(Saved entries)
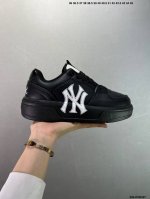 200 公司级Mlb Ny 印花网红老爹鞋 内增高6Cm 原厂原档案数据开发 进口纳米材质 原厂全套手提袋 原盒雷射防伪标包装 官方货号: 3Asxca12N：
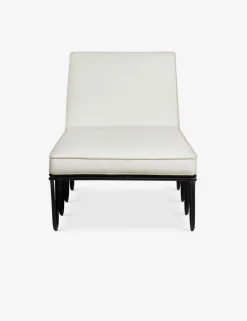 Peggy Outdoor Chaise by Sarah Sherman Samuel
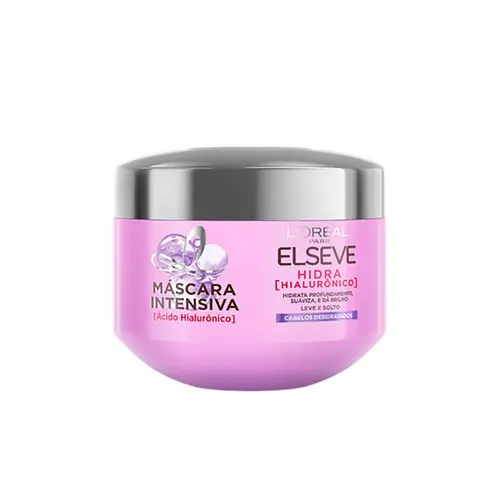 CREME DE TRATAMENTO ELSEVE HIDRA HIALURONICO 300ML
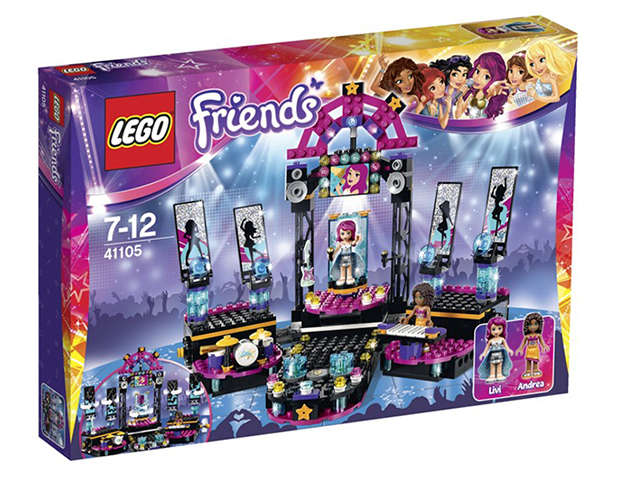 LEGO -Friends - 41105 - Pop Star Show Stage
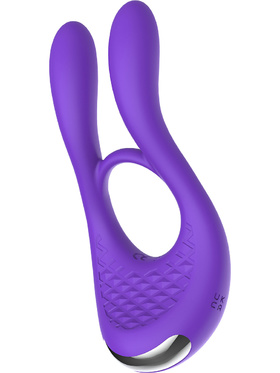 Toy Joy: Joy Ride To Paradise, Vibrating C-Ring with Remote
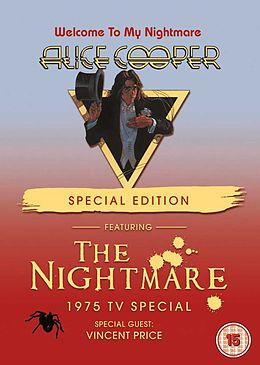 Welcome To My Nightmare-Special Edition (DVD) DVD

§ Aim of the exercise
Write out, exactly and with nothing added, every line from the one that holds "LEGO -Friends - 41105 - Pop Star Show Stage" to the end of the entries above; pictures stay out.

§ Result for this task
 LEGO -Friends - 41105 - Pop Star Show Stage
 Toy Joy: Joy Ride To Paradise, Vibrating C-Ring with Remote
 Welcome To My Nightmare-Special Edition (DVD) DVD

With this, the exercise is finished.